Потом посерьезнел и спустил младшего с колен.

– Ну-ка иди сюда. Мы с тобой работали над этим приемом. Что, память за неделю отшибло? С какого перепугу ты пытался достать ее левой рукой?!

Чак встал в стойку напротив отца. На третий раз у него получилось, Джефф поднялся с земли, вытряхивая из волос травинки.

– Другое дело. На тебя одного Таня да еще я. Совесть имей, не позорься.

Таня сверкнула улыбкой:

– Не робей. Талант есть, у меня глаз наметан. Только спеси бы поменьше, глядишь, и перестанешь так попадаться. И дружка уму-разуму научишь, – подмигнула она.

Джефф вопросительно поднял бровь. Чак махнул рукой.

– Да это она про того придурка, Сайхема.

– Джереми? Он что, тебя задирает?

Чак сплюнул прилипшую травинку.

– Да нет. Просто за ним все ходят, в рот ему смотрят…

– А тебя бесит, что не за тобой ходят? – поинтересовался Джефф.

– Девчонки в классе говорят, он похож на эльфийского принца, – вклинился Эрроу.

Чак метнул в него яростный взгляд.

– Сайхем заставляет их делать всякие глупости. Вчера рюкзак одному семикласснику закинул на дуб возле школы. Вроде, проверка на храбрость. Ну тот и полез. Добрался до середины, висит, руки дрожат, эти идиоты внизу ржут.

– А ты что?

– Что я? Ну снял его, и сумку палкой сбил. Но я же не могу поспеть всюду.

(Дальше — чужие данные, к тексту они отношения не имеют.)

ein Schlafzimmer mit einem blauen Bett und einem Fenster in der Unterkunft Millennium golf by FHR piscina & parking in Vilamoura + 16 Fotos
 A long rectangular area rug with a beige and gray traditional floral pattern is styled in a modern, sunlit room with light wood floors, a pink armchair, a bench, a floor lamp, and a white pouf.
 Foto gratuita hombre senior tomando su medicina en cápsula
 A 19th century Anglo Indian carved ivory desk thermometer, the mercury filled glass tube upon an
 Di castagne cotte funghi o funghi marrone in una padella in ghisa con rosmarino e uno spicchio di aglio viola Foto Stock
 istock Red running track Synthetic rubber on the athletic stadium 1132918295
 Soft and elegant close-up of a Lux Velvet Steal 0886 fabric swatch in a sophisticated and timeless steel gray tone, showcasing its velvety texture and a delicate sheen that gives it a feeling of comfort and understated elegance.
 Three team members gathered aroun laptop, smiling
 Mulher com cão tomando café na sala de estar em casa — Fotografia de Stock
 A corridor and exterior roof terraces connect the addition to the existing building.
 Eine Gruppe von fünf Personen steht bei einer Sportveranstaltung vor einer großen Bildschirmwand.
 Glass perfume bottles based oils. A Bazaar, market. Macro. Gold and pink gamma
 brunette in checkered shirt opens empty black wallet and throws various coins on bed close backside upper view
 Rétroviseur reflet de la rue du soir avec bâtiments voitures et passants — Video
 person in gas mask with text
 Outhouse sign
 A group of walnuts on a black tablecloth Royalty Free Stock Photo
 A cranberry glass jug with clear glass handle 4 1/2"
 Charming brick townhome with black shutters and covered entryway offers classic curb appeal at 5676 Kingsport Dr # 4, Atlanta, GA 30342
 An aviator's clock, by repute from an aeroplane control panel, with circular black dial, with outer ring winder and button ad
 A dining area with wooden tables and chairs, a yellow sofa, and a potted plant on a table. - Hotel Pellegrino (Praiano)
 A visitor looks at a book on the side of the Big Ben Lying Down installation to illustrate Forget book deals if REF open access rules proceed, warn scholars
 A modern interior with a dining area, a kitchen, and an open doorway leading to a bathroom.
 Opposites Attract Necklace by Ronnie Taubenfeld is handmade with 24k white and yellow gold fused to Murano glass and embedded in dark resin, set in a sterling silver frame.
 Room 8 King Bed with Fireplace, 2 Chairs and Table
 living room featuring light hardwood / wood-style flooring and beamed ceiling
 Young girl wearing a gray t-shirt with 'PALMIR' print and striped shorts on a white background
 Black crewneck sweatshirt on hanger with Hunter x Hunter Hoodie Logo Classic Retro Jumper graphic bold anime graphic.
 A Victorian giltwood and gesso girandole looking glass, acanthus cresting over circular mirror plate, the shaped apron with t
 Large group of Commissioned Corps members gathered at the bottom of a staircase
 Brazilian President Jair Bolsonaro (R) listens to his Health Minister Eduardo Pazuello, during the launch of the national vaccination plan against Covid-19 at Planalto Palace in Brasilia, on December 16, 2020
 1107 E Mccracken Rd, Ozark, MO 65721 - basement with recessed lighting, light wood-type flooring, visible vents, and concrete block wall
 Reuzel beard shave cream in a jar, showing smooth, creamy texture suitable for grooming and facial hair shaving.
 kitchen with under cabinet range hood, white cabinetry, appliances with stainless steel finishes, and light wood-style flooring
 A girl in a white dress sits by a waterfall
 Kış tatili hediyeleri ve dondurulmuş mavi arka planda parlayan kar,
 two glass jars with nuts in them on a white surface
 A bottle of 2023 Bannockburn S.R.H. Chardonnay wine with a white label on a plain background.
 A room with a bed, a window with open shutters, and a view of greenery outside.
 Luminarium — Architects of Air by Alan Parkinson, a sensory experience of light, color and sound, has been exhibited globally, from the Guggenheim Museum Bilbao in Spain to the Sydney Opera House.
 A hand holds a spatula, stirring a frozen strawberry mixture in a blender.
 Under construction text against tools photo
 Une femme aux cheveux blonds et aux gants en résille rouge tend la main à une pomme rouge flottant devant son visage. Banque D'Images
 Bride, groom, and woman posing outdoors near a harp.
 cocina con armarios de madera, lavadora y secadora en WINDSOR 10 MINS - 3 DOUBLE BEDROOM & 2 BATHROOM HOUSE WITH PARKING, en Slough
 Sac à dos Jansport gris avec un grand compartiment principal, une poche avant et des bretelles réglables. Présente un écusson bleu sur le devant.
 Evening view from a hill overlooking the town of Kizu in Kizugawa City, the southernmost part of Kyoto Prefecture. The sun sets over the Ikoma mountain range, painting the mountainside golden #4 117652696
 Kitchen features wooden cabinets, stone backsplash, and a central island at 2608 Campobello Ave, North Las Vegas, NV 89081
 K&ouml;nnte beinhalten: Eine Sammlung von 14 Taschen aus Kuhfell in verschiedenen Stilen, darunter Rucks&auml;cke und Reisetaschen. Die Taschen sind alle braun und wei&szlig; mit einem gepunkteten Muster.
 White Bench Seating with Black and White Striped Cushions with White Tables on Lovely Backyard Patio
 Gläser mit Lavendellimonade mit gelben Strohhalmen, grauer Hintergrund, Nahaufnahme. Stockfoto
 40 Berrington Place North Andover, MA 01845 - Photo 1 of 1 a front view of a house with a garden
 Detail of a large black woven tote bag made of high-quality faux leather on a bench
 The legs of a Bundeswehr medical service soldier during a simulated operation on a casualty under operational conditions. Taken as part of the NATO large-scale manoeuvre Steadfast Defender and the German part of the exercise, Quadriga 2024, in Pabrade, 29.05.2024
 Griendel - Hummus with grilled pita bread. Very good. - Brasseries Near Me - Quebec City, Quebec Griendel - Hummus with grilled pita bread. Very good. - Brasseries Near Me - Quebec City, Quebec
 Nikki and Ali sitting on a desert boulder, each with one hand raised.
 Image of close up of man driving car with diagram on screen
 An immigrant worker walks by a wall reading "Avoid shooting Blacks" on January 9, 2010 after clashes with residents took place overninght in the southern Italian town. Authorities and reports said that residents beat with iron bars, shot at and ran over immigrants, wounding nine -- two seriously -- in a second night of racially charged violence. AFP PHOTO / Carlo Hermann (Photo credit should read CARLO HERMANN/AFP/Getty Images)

– И не должен. Мы не можем быть в ответе за все на свете. Что касается Джереми… дурь в голове обычно проходит годам к двадцати. Ну а если нет, то жизнь ему потом сама вправит мозги. Тебе не обязательно этим заниматься.

На небо высыпали первые звезды. Крыши построек медленно остывали, с гор наползал вечерний туман. Окна дома зажглись, раздался голос Элис.

– Ужинать! – хлопнул в ладоши Джефф, – а ну, кто быстрей до крыльца?

Чак подхватил Дэвида на спину, и они с Эрроу помчались наперегонки к светящемуся проему входной двери.

***

Свет падал призрачной колонной через круглое окно церковной башни. В неподвижном воздухе медленно оседали светлые волокна дыма. Потушенные свечи роняли блеклые капли.

– В чем ты согрешила, дитя мое?

Голос священника был так же тускл и невыразителен, как потертая серая стена исповедальни. На лицо Маргариты падала клетчатая тень ширмы.

– В делах и в мыслях, отец Пирс.

Старый священник вздохнул и поправил очки.

– О чем ты хочешь рассказать Господу?

– В прачечной я случайно дала миссис Гольд шесть долларов сдачи вместо восьми, а потом поленилась бежать за ней в такую непогоду. Правда, она и не заметила.

– Это все? – отец Пирс потер лоб.

Кружевная тень на бледной щеке шевельнулась.

– Мой сын Джереми… меня беспокоит, что он становится таким… взрослым.

– Разве это грех? Дети растут на радость родителям.

Женщина смущенно кашлянула.

– Молитесь, чтоб Господь дал вам мудрость, – продолжал священник, – взросление это сложный период.

Он сотворил крестное знамение над склоненной головой, и откинул тяжелую занавеску.

– Всего доброго, мисс Сайхем.

Тяжелая дверь глухо бухнула, и в церкви наконец настала благословенная тишина.

***

Маргарита достала из сумки связку ключей и открыла дверь. Солнце заливало пестро обставленную комнату. Черный питбультерьер, лежащий на ковре, поднял угловатую голову и глухо зарычал. В окно кухни влетел мотылек и запутался в желтоватом тюле.

– Лежи, Даггер, это всего лишь я.

Женщина подошла к зеркалу и придирчиво оглядела себя, со вздохом достала помаду и накрасила губы. Розовый ядовитым пятном осветил увядающее лицо. Меж темных прядей сверкнула позолота длинной сережки. Марго расстегнула верхнюю пуговицу блузки, еще раз бросила взгляд в зеркало и спустилась в прачечную. Пора было приниматься за работу.